But mystery lingers around the cloud all the same.
The German Federal Office for Radiation Protection reported the radiation cloud, and then on Oct. 9 pinpointed its likely origin as the southern Ural Mountains in Russia or Kazakhstan. That is near the closed town now called Ozersk but known as Chelyabinsk-40 when Fomina worked there as a young woman from 1954 to 1960. The agency said that the cause of the cloud “is still not clear.”
French radiation safety authorities mapped wind patterns and reached the same conclusion: the contamination was floating in from somewhere near Mayak, a region of cedar forests, lakes and swamps about 1,000 miles east of Moscow.
The French nuclear safety institute, which tracked the cloud, said that if the accident had occurred in France, authorities would have taken measures to protect the local population within a few miles, and taken precautions over longer distances to halt the sale of contaminated crops.
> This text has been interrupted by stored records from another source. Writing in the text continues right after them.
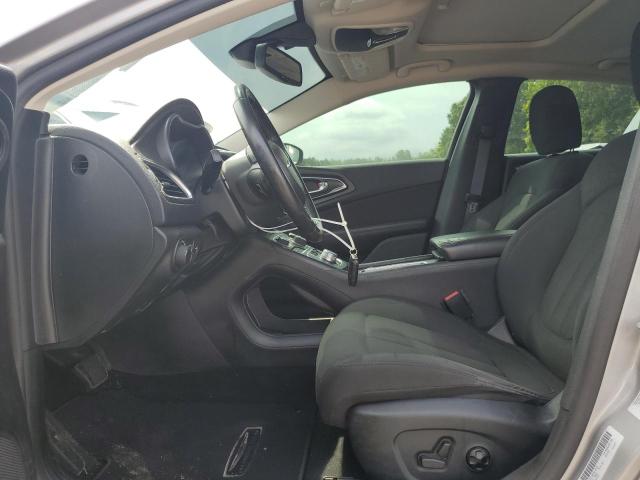 Photo 7 from auction – 2016 CHRYSLER 200 LIMITE with VIN 1C3CCCAB2GN172425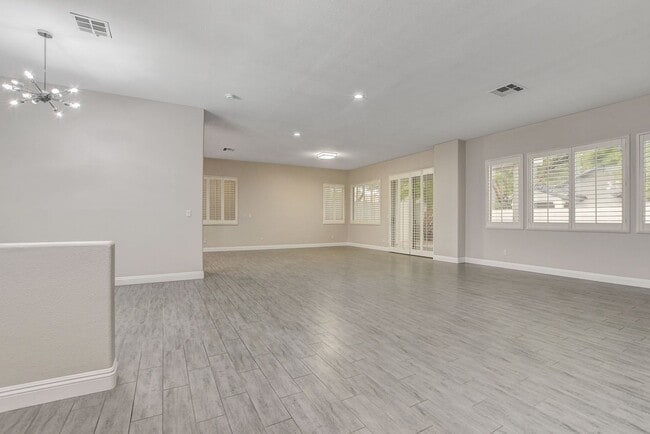 Foto del edificio - 4 bedroom, 3-bath home with a Pool!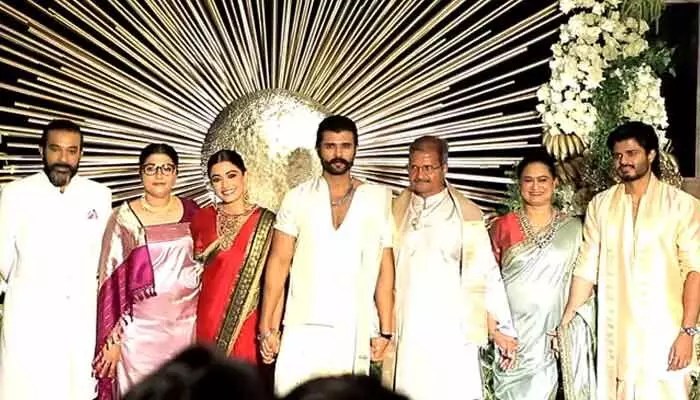 విరోష్ పెళ్లి రిసెప్షన్: హైదరాబాద్లో టాలీవుడ్ తారల సందడి! రాజకీయ ప్రముఖుల హాజరు!! విరోష్ పెళ్లి రిసెప్షన్: హైదరాబాద్లో టాలీవుడ్ తారల సందడి! రాజకీయ ప్రముఖుల హాజరు!!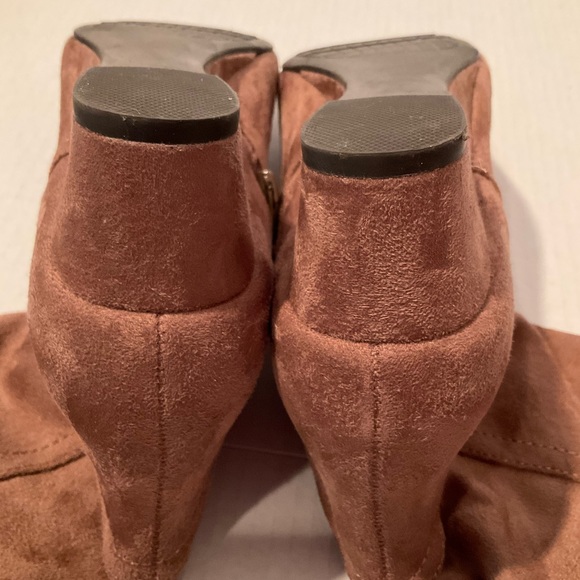 Impo Genia Camel Color Boots Size 8 Medium - Picture 7 of 9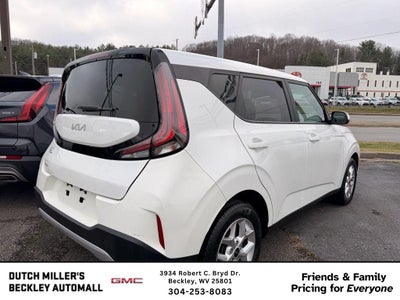 2023 Kia Soul LX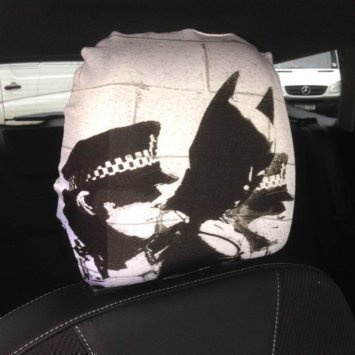 Cover per poggiatesta sedili auto pezzi 2, disegno Banksy batman polizia fatto in Yorkshire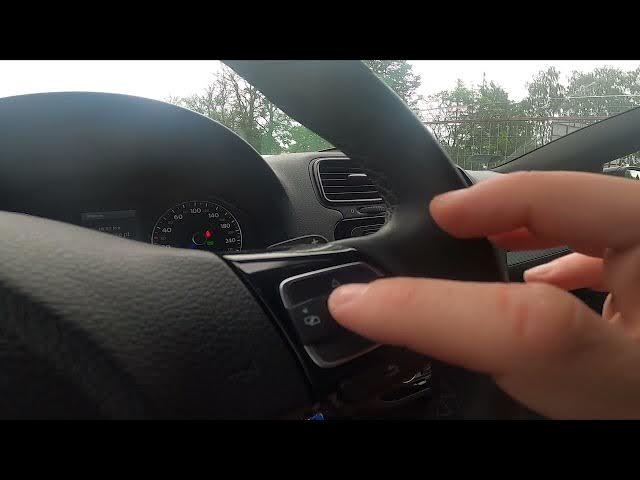 Video thumbnail for How to Navigate Through the Speedometer Display Volkswagen Scirocco III ( 2008 - 2017 )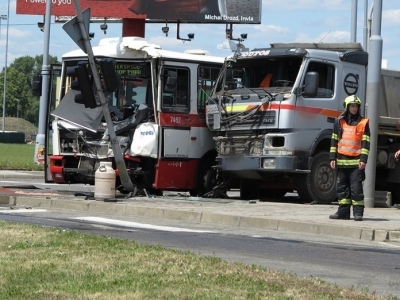 Při nehodě linkového autobusu s nákladním vozem bylo zraněno celkem 11 lidí.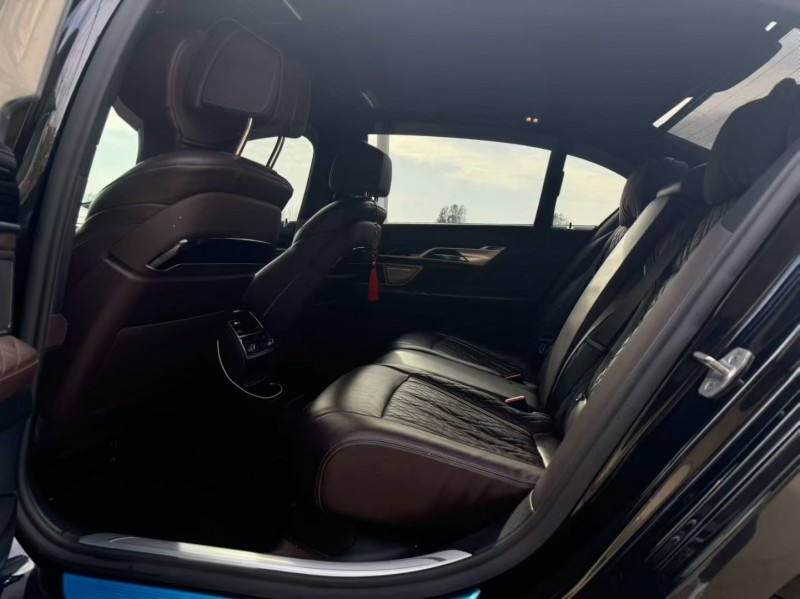 新乡21年宝马7系5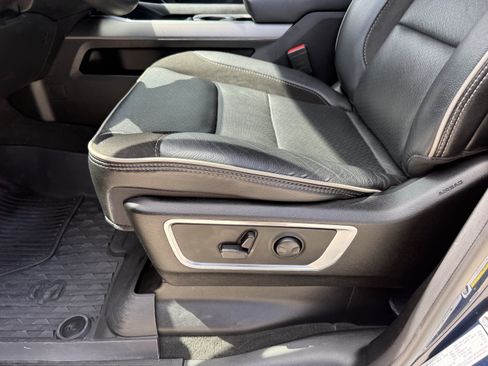 Used 2024 RAM 1500 Laramie AWD/4WD image 29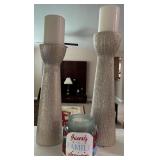 W - LOT OF 2 CANDLE HOLDERS (K5)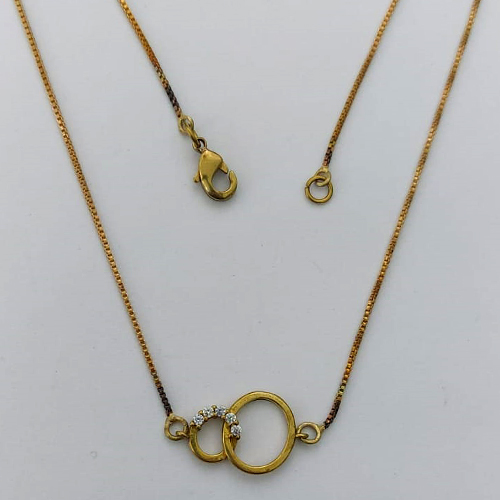 GARGANTILHA NO BRUTO PRONTA PARA O BANHO -  (CX.134) (ACS001627W) GARGANTILHA COM CORRENTE VENEZIANA COM PINGENTE CRAVEJADO EM ZIRCÔNIAS 11X19MM - PESO: 2,2GR - COMPOSIÇÃO: 100% LATÃO - BRU15356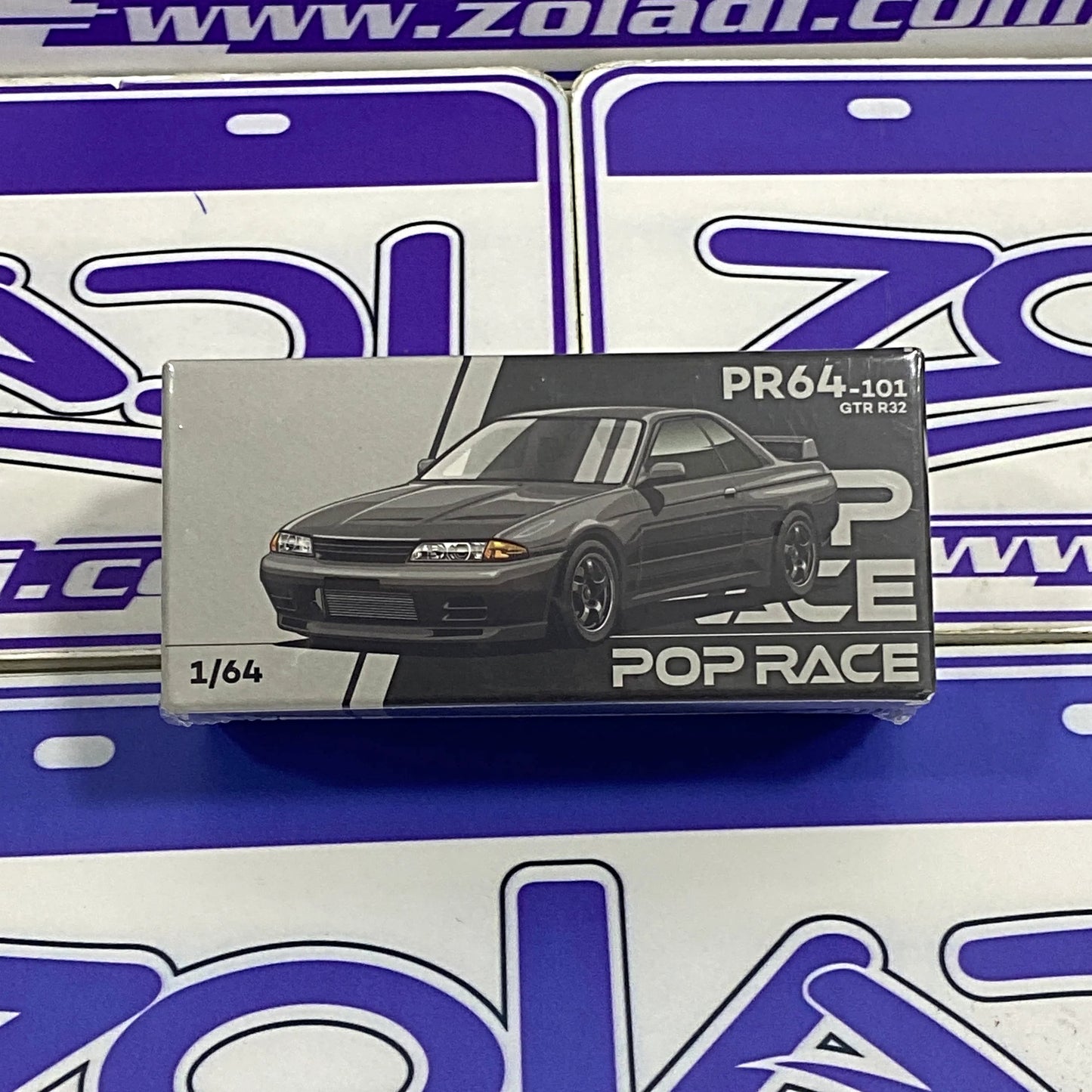 POP RACE NISSAN SKYLINE GTR R32
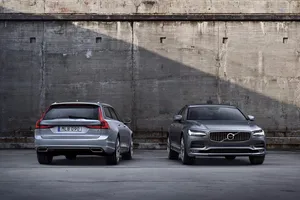 Llegan los Volvo S90 y V90 Polestar Optimisation, mayor dinamismo para las berlinas suecas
But the concentrations in the air over Europe, the institute said in a Nov. 9 report, “are of no consequence for human health and for the environment.”
Puzzlingly, on Oct. 9, regional authorities in the Chelyabinsk region, home of the plant, issued a statement saying the Russian state nuclear corporation, Rosatom, had regularly tested the air and that “the radiation background in the region is within norms.”